You're Dancing Too Close
This is where we get into one of the points of contention in #GamerGate: that journalists should have little to do with those they cover. Unfortunately, that's not how great journalism works. It thrives on creating connections and relationships you trust. One of the stories held up as amazing journalism is Woodward and Bernstein's work in the Watergate scandal. That only happened because Woodward had befriended Federal Bureau of Investigation Associate Director Mark Felt years earlier. That allowed the pair to leverage an inside source.
Perhaps you've seen VICE News' amazing coverage of ISIS' actions in the Middle East. VICE News reporter Medyan Dairieh spent three weeks embedded within ISIS to make that a reality. That didn't happen just because he was a journalist. That happened because he had connections in the region that trusted him. Connections he's probably had dinner with or shared their homes. That could be a conflict of interest if you were looking at it in a cut and dry manner, but things like that are what real journalism requires. The work speaks for itself. That's not to say there aren't conduct guidelines we should follow, but journalism is predicated on access, which requires either an inside source or outright theft (which is illegal in most cases).

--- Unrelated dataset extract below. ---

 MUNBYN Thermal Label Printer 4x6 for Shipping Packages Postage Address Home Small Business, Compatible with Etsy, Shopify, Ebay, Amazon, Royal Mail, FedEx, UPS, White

Every journalist who cares follows an ethical code. We have our policies, but I also tend to stick to some guidelines set down by Roger Ebert, one of the classic movie critics. They're worth a read, as they cover swag, review copies, friendship with those in your industry, and direct conflicts of interest. Most sites have their own policies, others stick to the SPJ's Code of Ethics. SPJ's work on creating a "timeless" code ignores some of the realities of journalism today, so places like journalism school Poytner have crafted their own code for the 21st century, even if some of the guidelines remain the same.
As it stands, the #GamerGate hashtag is as broad as the gamer label; there are many great, honest people participating, but they unfortunately exist alongside the malcontents, who are having a real, measurable effect on the industry. Ethics in journalism is an ongoing discussion that we're always willing to have. I've been a part of that discussion over in NeoGAF, but that's also a discussion we're willing to have in our community here. If you remain civil, I can certainly do my best to answer any questions you may have in the comments below. If your aim is a games media with strong ethics and greater transparency, I'm completely sympathetic. If your aim is to find an outlet for your rage or to chase amazing voices from our industry, you can do that elsewhere.
And if you're new here, welcome to USgamer. There's always room for new and diverse voices in our community.